The Adoptees' Liberty Movement Association (ALMA) was one of the first adoptee rights organizations in the United States, founded in 1971 by adoptee, author, and activist Florence Anna Fisher. Its principal initial goals were to "abolish the existing practice of 'sealed records'" and to secure the "opening of records to any adopted person over eighteen who wants, for any reason, to see them." While ALMA was one of the plaintiffs in a 1978 federal lawsuit challenging the constitutionality of sealing and restricting the release of pre-adoption birth records to adult adopted people, the lawsuit ultimately was not successful, setting back the adoptee rights movement for years.
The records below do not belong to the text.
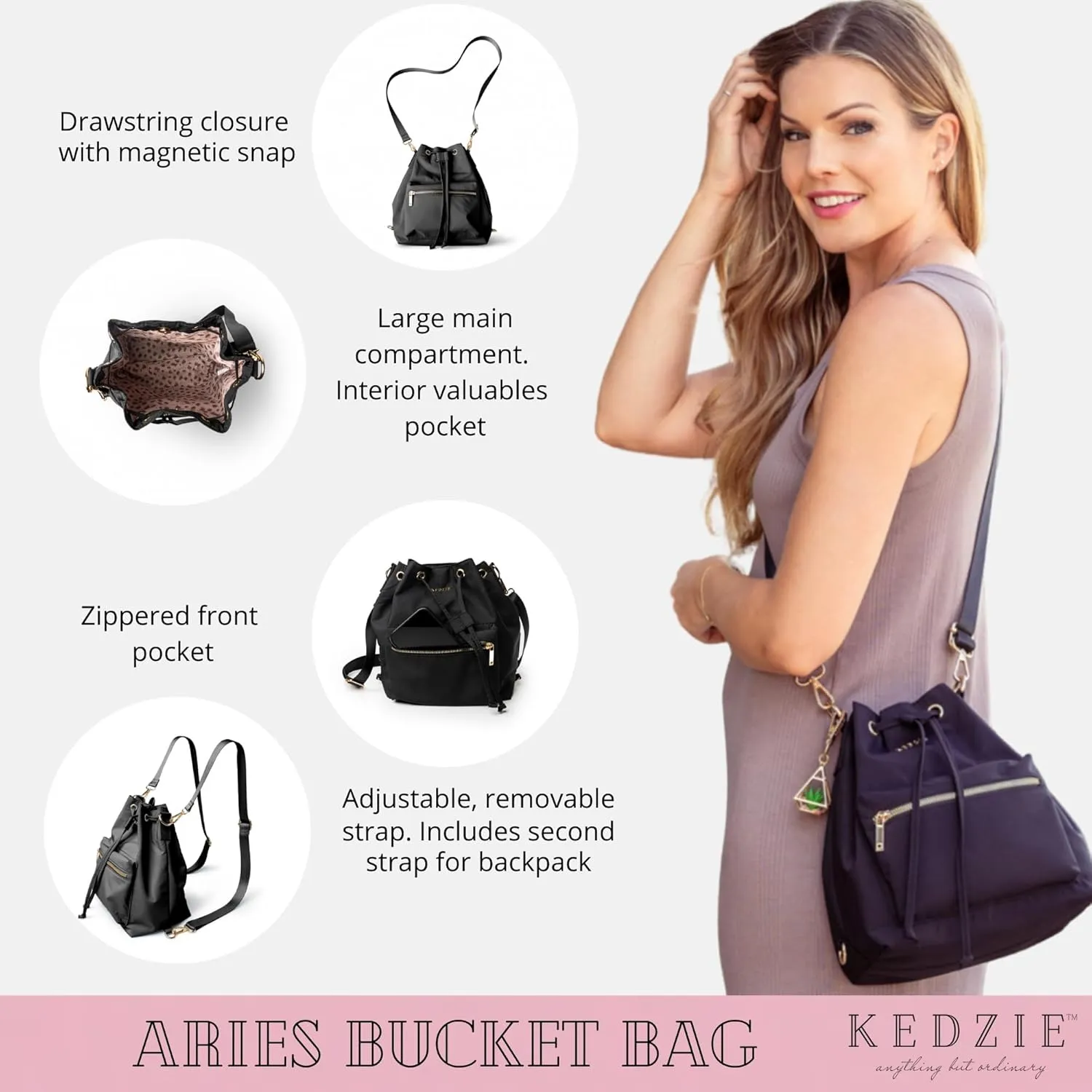 KEDZIE Aries Convertible Bucket Bag 3-Way Backpack Crossbody Strap Purse for Women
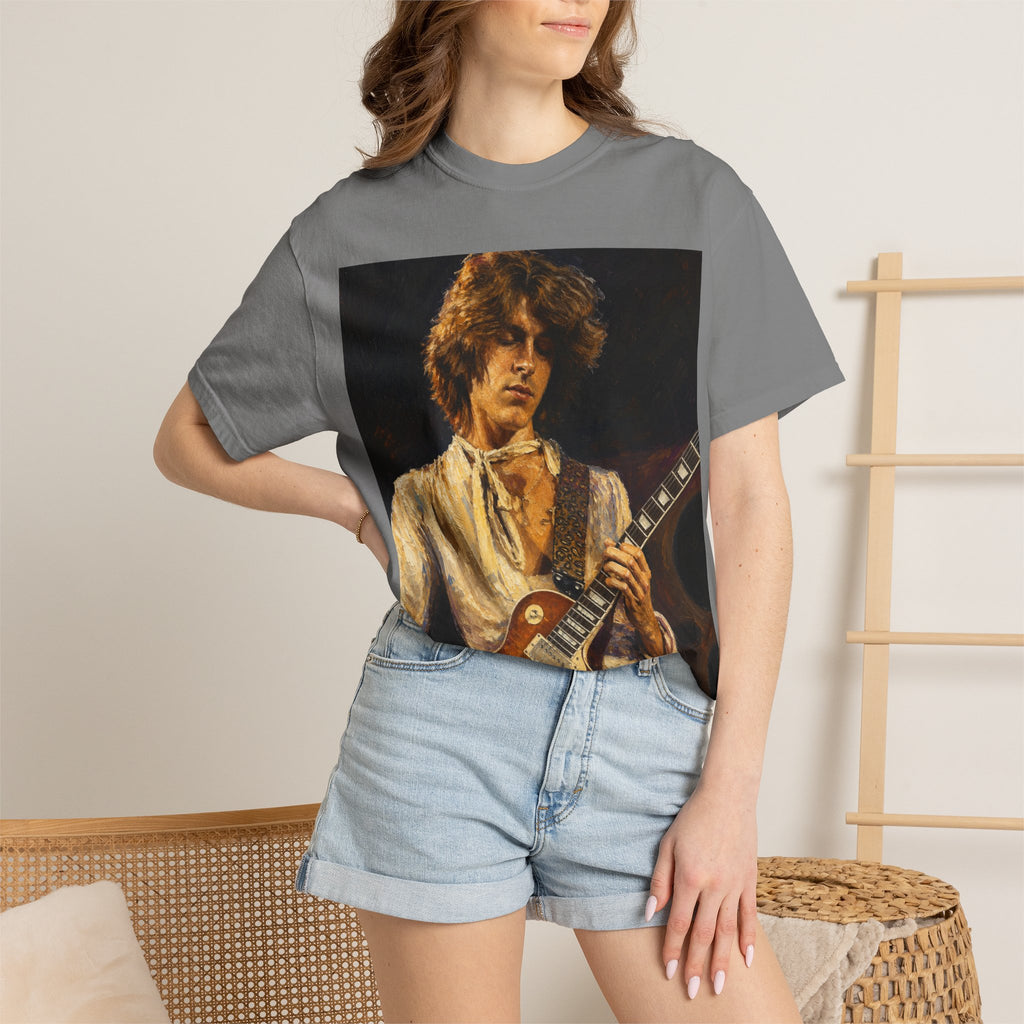 Guitarist Portrait T‑Shirt — Vintage Rock Artwork (Tim Cosgriff Art)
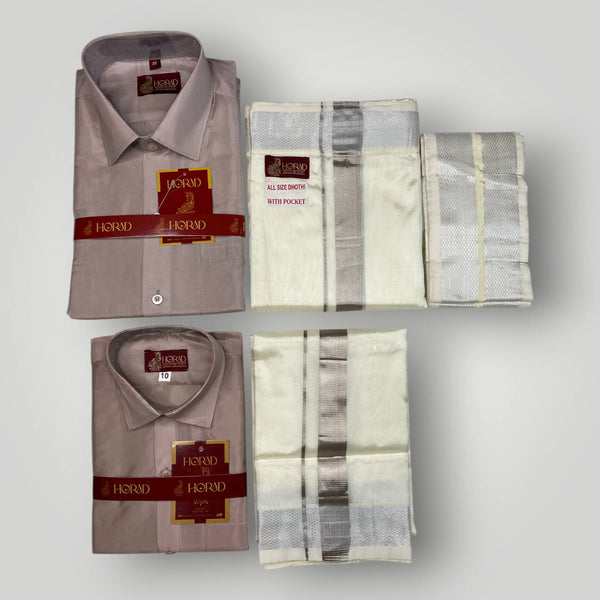 Horad Premium Art Silk Dad and Son Sandstone Shirt + Cream with Silver Welcro Dhoti + Angavastram
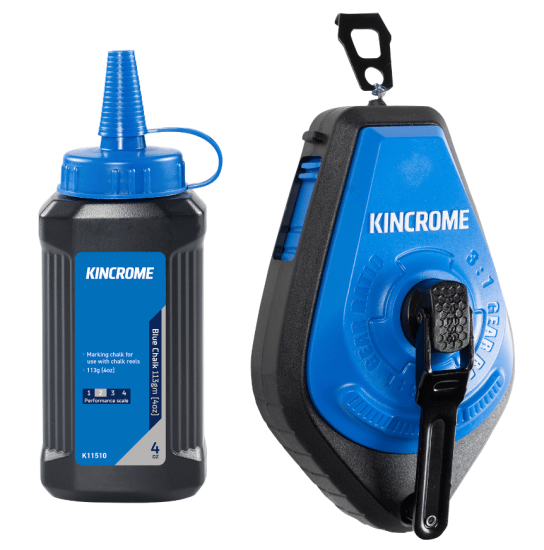 Kincrome 3:1 chalk reel featuring a durable 1.1mm line, fast rewind, chalk-viewing window, and included blue chalk bottle.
The establishment of ALMA, in conjunction with the publishing of Fisher's autobiography in 1973, led to the creation of hundreds of other adoptee search-related groups across the United States, including Yesterday's Children, Adoptees' Identity Movement, and Reunite. Despite its early activism and advocacy, ALMA ultimately concentrated on assisting adopted people with birthparent and relative searches and at one time had more than 50,000 members, 50 chapters, and 340,000 names registered within its own adoption search registry. Adoptees have credited ALMA with inspiring and assisting with their searches for information about their birth parents.

ALMA was considered a pioneering organization in the adoptee rights movement, shifting the focus to right-based constitutional arguments instead of seeking state-by-state legislative changes. The activist adoptee rights organization Bastard Nation, which formed in the 1990s, has cited Fisher's activism and ALMA's goals as the beginning of the adoptee rights movement.